And again, as bad as these numbers are, the story continues to get worse. The tax plan ends certain tax deductions that are particularly helpful to those of us living in Pennsylvania. Northern industrial states like ours will be slammed by the loss of state and local tax deductions. And the relatively high value of property in southeastern Pennsylvania will make the new cap on the mortgage interest deduction very painful for our area.
The bottom line is that the plan Mr. Meehan defends will benefit a few of his wealthiest constituents a lot. But most Americans, and most of us in southeastern Pennsylvania, will receive either negligible savings or dramatic tax increases.
And in service of what?
According to the Congressional Budget Office, this bill will add $1.7 trillion to our national debt over a decade, in addition to making it harder to afford college or pay for health care.

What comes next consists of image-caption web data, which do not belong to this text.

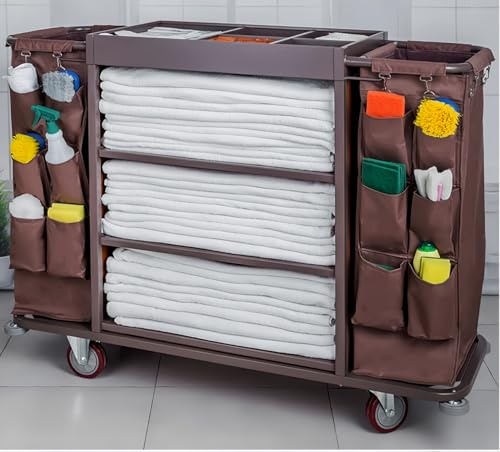 Multifunctional Housekeeping Caddy, Compact Service Trolley, Hotel Cleaning Cart with Removable Canvas Bags & Locking Wheels for Housekeeping Hotels Apartment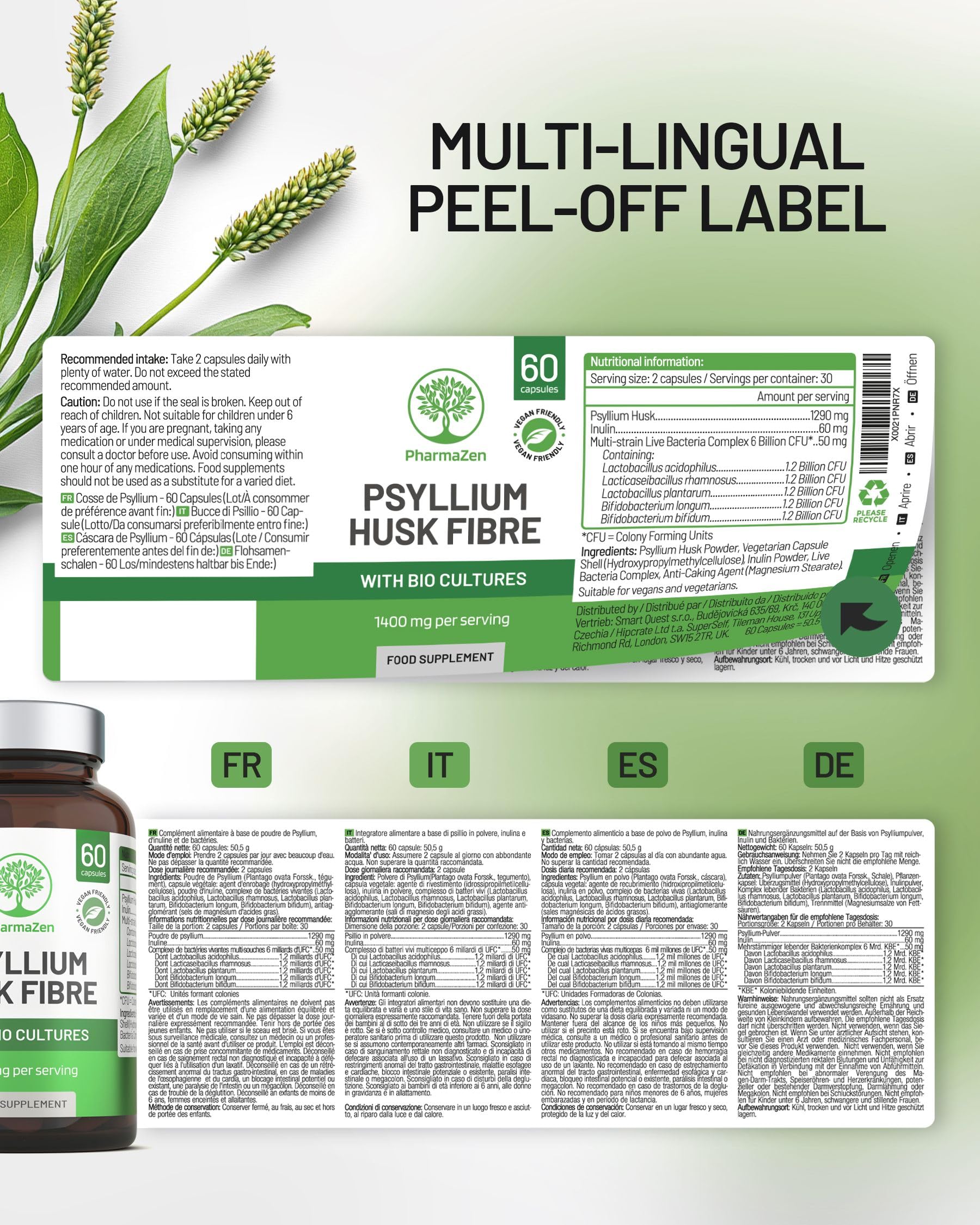 Psyllium Blond avec Probiotiques 1400 mg - Téguments purs à 99% - 60 gélules - Transit, Digestion, Fonction Intestinale - Fibres alimentaires avec Psyllium Husk & Complexe Probiotique 6 Milliards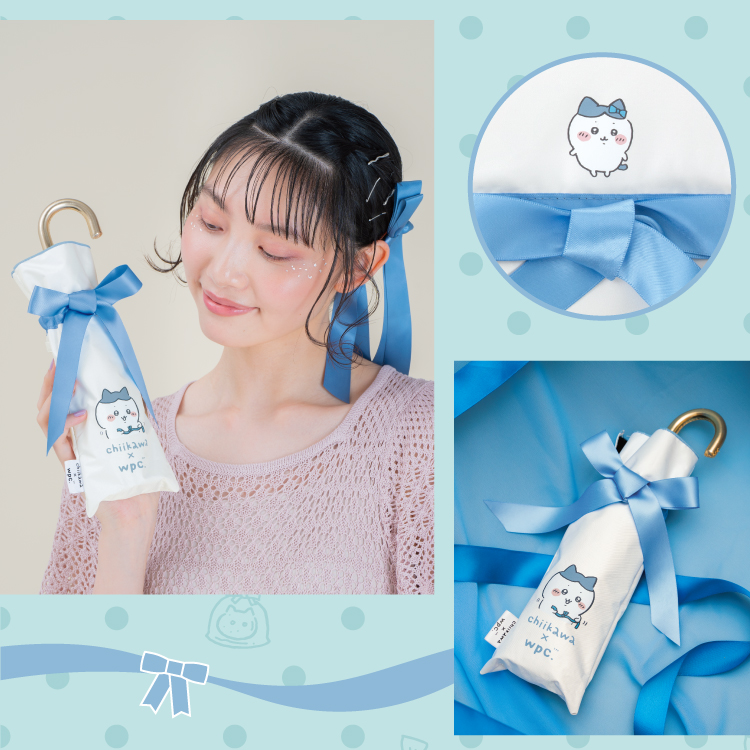 ちいかわ ハチワレ 折りたたみ日傘 ほめられリボン　mini 新品ちいかわ 遮光 ほめられリボン mini wpc 日傘 晴雨兼用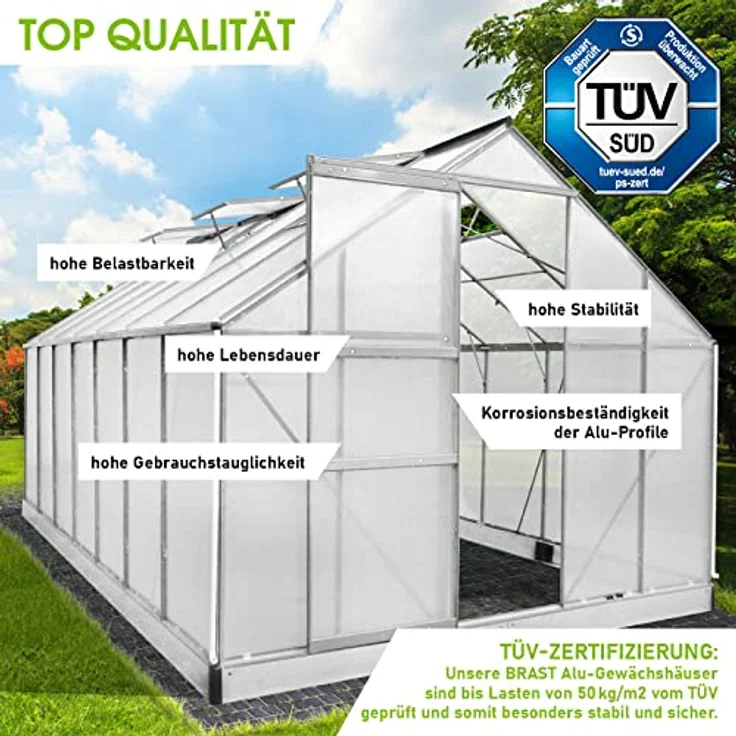 BRAST Gewächshaus Aluminium 430x250x205cm, TÜV geprüft, 6mm Hohlkammerplatten, rostfrei, wetterfest, temperaturbeständig, Silber – Bild 3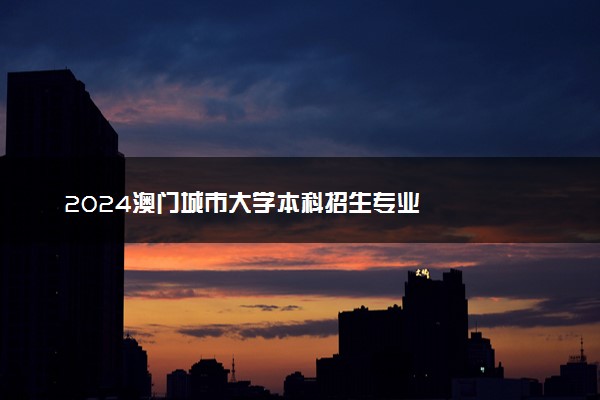 2024澳门城市大学本科招生专业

All to drastically cut taxes, one more time, for big corporations and the richest Americans.
America currently has the highest level of income and wealth inequality in almost a century. The three wealthiest Americans are now wealthier than the bottom half of our entire population. Is eliminating deductions that working families rely on in order to give the richest people yet another massive tax cut really our highest priority?
There are many better alternatives. It’s probably not a good idea to add $1.7 trillion dollars to the national debt. But if we are going to do that, why not use that money to invest in repairing our infrastructure, which would help our economy grow and create millions of good-paying jobs? We could also use the money to make higher education more affordable or close tax loopholes that pay corporations to move jobs overseas. Is giving more money to the Koch brothers the best use of national resources?
This is a bad deal for the people of Pennsylvania. That’s why many of our federal representatives, including Rep. Brendan Boyle, D-13, and Rep. Dwight Evans, D-2, have rejected the plan. Rep. Meehan should follow the governor’s advice.
Sen. Daylin Leach, D-17, covers parts of Montgomery and Delaware counties. He also is seeking the Democratic nod to face U.S. Rep. Pat Meehan, R-7, in the 2018 mid-term election.